Star Wars_ Tales From Jabba's Palace - Kevin J. Anderson [128]
But twisted in the latter, by them, none of it now of Kenobi, of those who were Jedi Knights. Will they twist the boy’s as well?
Perhaps. No one alive has withstood the Emperor, or Darth Vader.
Or Jabba the Hutt.
But none of them know me, save Jabba. They only know of me, of my kind, the lurid tales told. And it is this I will use: ignorance, and rumor. Let them say what they will. This time, I will use it. Its power is pervasive.
In the palace, which once was a monastery—pure in its existence until polluted first by raiders and later by Jabba himself—there are many for me to peruse, consider, pursue—even to stalk as the stories claim, a manner heretofore disdained but now apropos—and a plethora of races, of species, of soup. From myriad nations, a plenitude of planets. But here nothing matters save the master all of them serve; they are as nothing to him, to me, and as nothing they shall die.
Except to make a point.
Jabba, be afraid. Even you may die.
And the essence of your soup, one may hope, may pray, shall be as rich in its substance as is your flesh in corpulence.
I have been what I am: perfectionist in my work. All have died. All. None left to tell the tale.
But now the tale is necessary, and the telling of it. The Weequay, dead of unknown means, will cause consternation, but no certainty. There is a need now for “error”; for what they will take as error. A being left alive. To describe, in infinite horror, of inescapable terror, what monster it was who nearly took its life.
Thus it is time for me to depart the closet of rumor we Anzati too often inhabit.
• • •
There are levels of fear as there is a pecking order of entities within Jabba’s palace. To strike at the Hutt I must strike first at the others, beings whose presence serves much, or very little, but nonetheless the absence thereof makes itself felt in all the small and large ways, the mild annoyances or the doubt, the anger, the abrupt concern for one’s safety. I know all of the levels, as I know how to use them.

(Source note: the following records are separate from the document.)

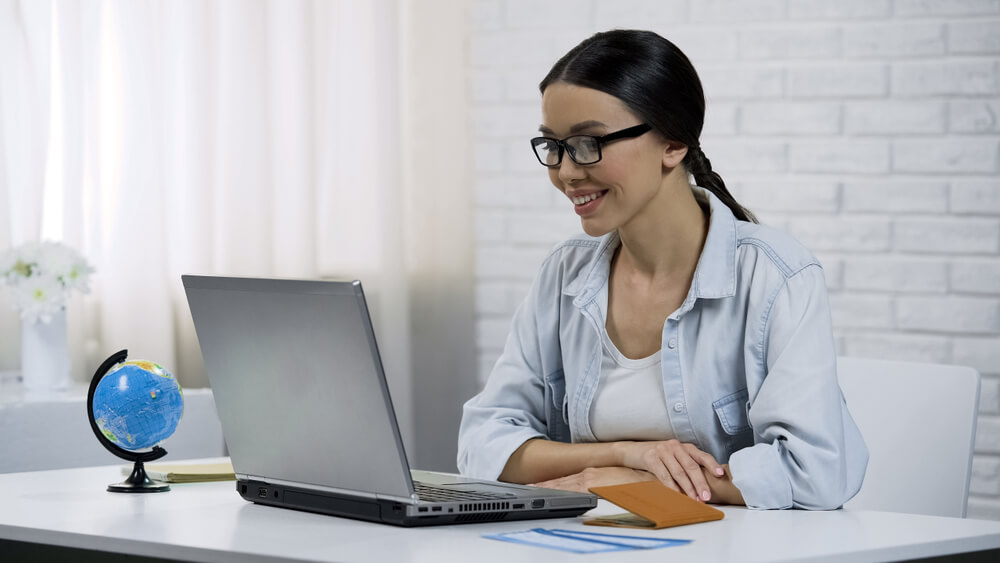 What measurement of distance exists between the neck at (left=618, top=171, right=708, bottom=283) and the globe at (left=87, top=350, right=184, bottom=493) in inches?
26.1

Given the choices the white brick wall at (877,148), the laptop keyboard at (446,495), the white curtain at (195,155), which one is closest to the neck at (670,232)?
the laptop keyboard at (446,495)

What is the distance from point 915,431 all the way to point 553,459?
54 cm

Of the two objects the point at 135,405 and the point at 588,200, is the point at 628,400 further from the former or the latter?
the point at 135,405

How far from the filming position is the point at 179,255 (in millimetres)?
2527

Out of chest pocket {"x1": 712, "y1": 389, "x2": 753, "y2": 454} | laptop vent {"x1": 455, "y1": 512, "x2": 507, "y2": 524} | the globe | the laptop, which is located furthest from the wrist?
the globe

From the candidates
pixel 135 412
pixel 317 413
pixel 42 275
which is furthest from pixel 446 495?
pixel 42 275

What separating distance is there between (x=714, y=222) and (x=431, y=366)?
1.42 meters

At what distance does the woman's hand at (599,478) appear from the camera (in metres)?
1.49

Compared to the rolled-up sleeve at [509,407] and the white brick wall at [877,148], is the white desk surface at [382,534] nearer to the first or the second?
the rolled-up sleeve at [509,407]

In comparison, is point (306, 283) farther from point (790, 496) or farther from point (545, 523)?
point (790, 496)

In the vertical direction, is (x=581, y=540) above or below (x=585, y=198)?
below

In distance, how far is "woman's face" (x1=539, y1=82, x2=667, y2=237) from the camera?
1581 millimetres

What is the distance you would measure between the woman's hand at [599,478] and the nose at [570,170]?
0.38 m

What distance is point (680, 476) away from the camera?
4.67 feet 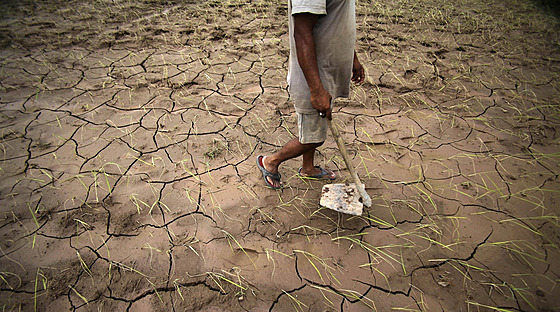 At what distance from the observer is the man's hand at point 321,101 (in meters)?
1.53

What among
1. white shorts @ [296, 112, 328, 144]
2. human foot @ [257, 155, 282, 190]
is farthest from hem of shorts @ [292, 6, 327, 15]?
human foot @ [257, 155, 282, 190]

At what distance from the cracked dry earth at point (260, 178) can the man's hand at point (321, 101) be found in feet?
2.48

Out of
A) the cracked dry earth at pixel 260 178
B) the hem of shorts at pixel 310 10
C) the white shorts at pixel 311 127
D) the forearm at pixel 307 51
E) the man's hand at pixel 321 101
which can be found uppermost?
the hem of shorts at pixel 310 10

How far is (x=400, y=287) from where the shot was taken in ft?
5.33

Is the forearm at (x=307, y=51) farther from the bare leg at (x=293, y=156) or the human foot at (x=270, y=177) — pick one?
the human foot at (x=270, y=177)

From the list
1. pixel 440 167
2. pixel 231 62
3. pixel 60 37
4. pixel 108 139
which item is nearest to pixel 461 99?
pixel 440 167

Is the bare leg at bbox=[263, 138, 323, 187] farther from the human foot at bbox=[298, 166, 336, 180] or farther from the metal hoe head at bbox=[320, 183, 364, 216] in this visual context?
the metal hoe head at bbox=[320, 183, 364, 216]

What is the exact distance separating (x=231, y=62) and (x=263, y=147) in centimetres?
159

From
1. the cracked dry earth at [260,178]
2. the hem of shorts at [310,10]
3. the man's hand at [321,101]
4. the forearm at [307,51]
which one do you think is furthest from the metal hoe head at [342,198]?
the hem of shorts at [310,10]

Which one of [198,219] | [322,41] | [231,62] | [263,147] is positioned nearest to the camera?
[322,41]

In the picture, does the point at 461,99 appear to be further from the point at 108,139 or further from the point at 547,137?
the point at 108,139

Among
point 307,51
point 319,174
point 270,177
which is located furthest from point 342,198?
point 307,51

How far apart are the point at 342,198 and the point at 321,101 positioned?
74 cm

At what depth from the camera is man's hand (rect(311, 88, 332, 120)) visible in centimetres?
153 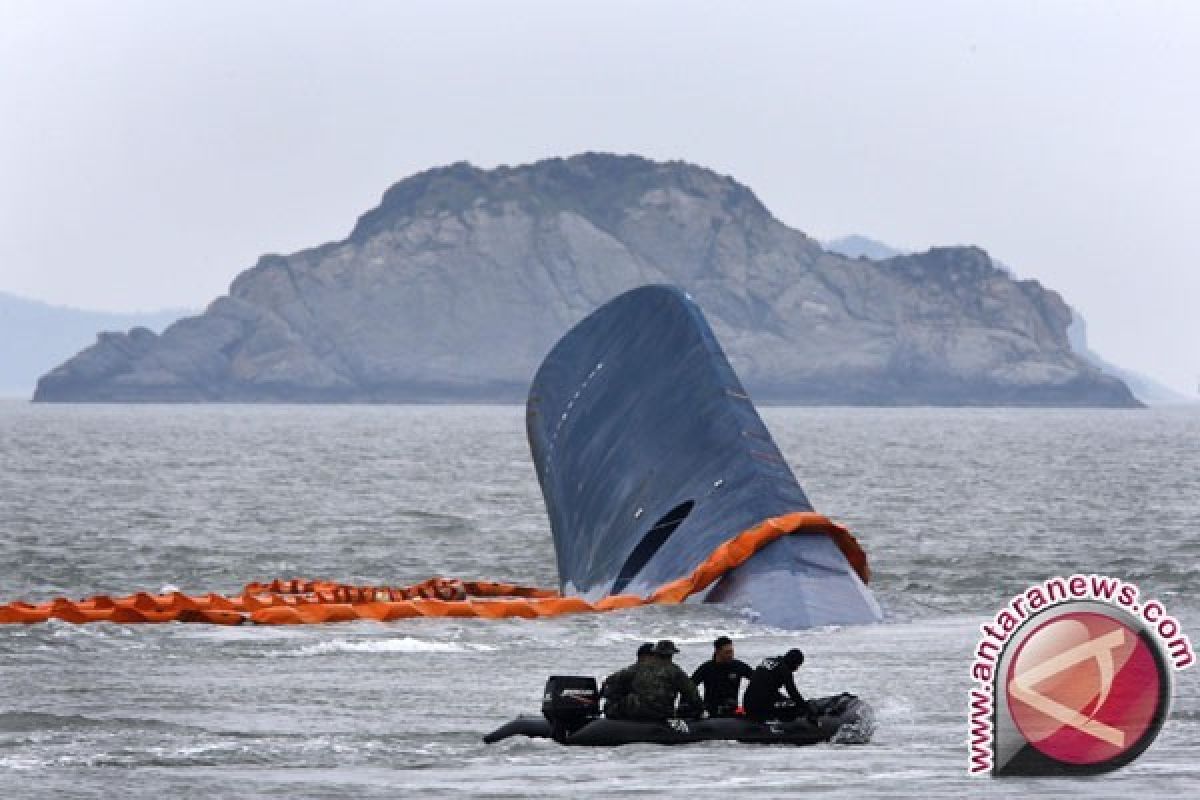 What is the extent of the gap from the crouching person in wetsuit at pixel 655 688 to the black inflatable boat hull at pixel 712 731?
0.35ft

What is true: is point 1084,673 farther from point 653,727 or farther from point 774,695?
point 653,727

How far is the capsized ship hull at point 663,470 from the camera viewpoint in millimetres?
34781

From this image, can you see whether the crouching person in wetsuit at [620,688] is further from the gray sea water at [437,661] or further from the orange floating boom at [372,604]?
the orange floating boom at [372,604]

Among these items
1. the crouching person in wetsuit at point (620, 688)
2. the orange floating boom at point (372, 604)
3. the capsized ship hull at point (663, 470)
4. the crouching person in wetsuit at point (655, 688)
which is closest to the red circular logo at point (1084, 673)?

First, those in Mos Eisley, already reported as dead; but Jabba will assume it is of no consequence—or small consequence—until convinced otherwise.
Next, the Weequay. Jabba will not miss him. But others will. And once enough of them die, enough of the small people, even the elect might be led into true fear.
A female, now. The dancing girl with head-tails, the Twi’lek, is already dead, thrown down as appetizer to Jabba’s hungry rancor, but there are other females. And so I seek one out.
She is what many entities, Jabba among them, consider beautiful: lush, plump in flesh, a bounty of breasts, the ponderous movements of a body in motion. Hands waving, six breasts swinging, buttocks never still. But she is stilled, at last, when the revels, ended, devolve into stupor. The woman, an Askajian—they who bear multiple young at one whelping—leaves the audience chamber to seek her rest through the remains of the night until the unyielding sun of Tatooine stands high overhead once again.
But rest she will not have. Sleep she will not know.
And it is in the servants’ quarter, where one assumes one is safe, that I pursue the assignation.
As she walks from the audience chamber, the high, proud step fades into weariness, into scuffing and graceless relief that she may at last seek her bed. She is dulled by the hour, and careless; that she should take care never suggests itself to her, for this is Jabba’s palace, protected by all the dregs of the uncounted universes.
And so it is nothing to me to allow her to walk past me, unseeing, and into the antechamber, unknowing, intent upon release; and so it is as nothing that I follow, step behind her, whisper an endearment in her native tongue.
She whirls, multiple breasts wobbling. There is delight at first in her eyes; was she then expecting someone? But it is I, not he, not she, not it; delight shapechanges to fear.